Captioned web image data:

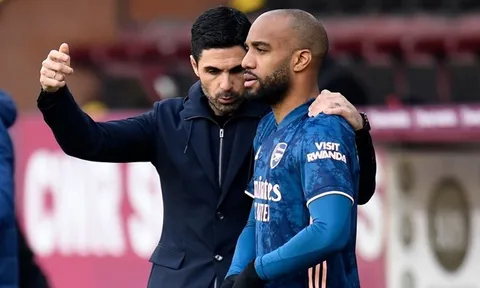 Tiền đạo Arsenal bị chỉ trích vì "diễn quá sâu"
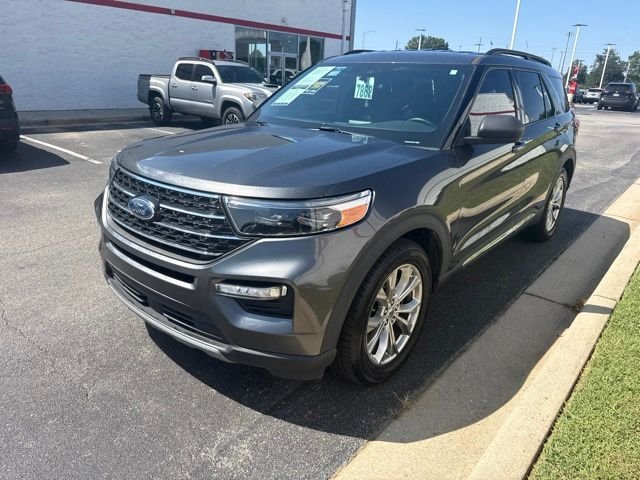Used 2020 Gray Ford XLT image 3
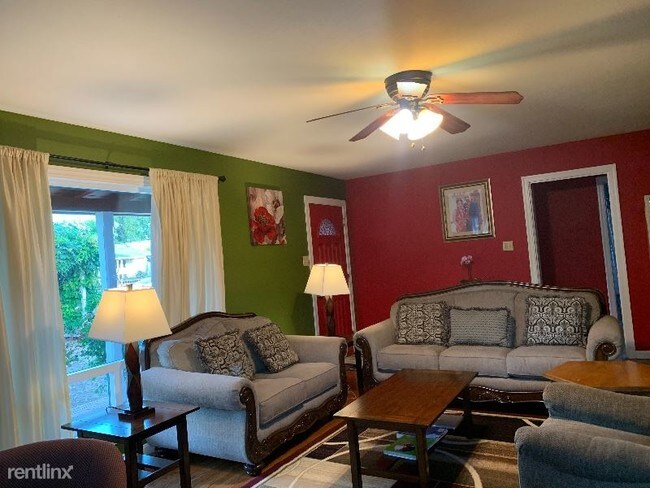 Building Photo - 2 br, 2 bath House - 1499 Davis Ave
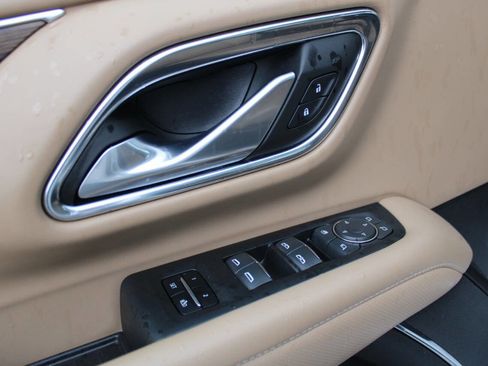 Used 2022 Chevrolet Suburban Premier image 20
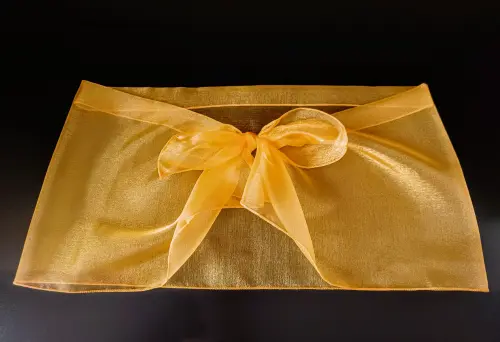 Echarpe Modelo Bolero Amarelo Ouro Busto 99cm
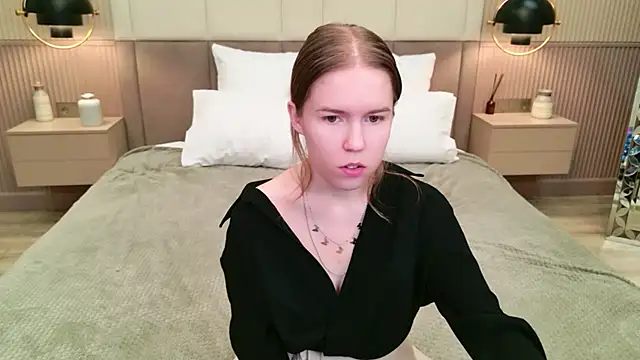 Alida Brice online show from 11-18-25, 05:44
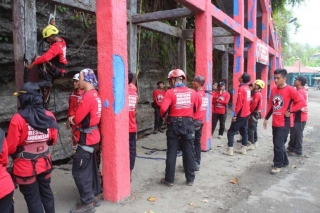 Berlatih ascending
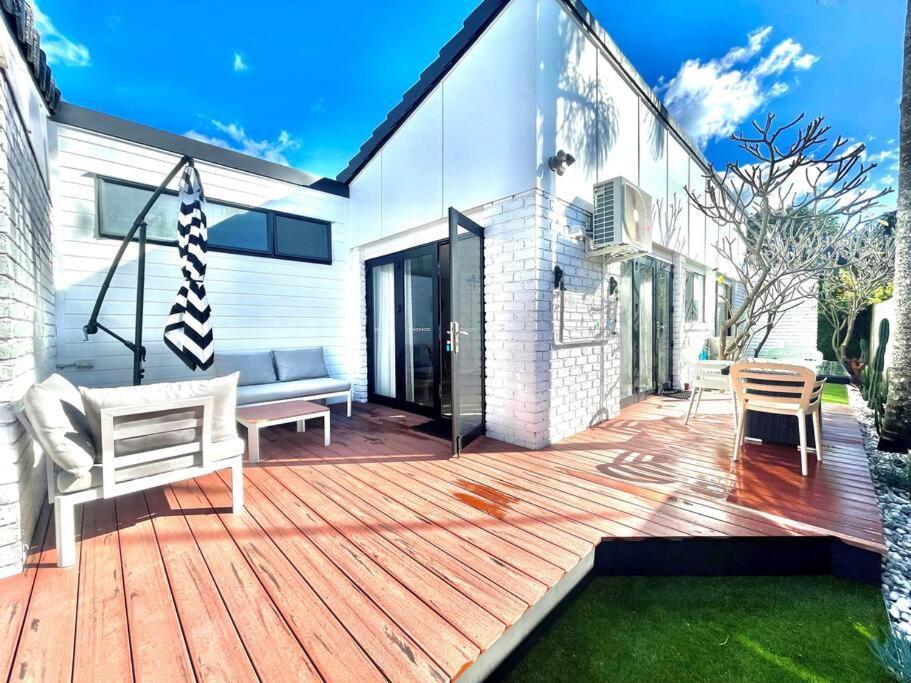 Villa Seashell Beach House - At Mermaid Beach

INSTRUCTIONS FOR THE TASK :: Only the lines from the one with "Used 2020 Gray Ford XLT image 3" through the final line of the entries belong in the answer, set down exactly, with both ends included and no pictures.

SOLUTION ::
Used 2020 Gray Ford XLT image 3
 Building Photo - 2 br, 2 bath House - 1499 Davis Ave
 Used 2022 Chevrolet Suburban Premier image 20
 Echarpe Modelo Bolero Amarelo Ouro Busto 99cm
 Alida Brice online show from 11-18-25, 05:44
 Berlatih ascending
 Villa Seashell Beach House - At Mermaid Beach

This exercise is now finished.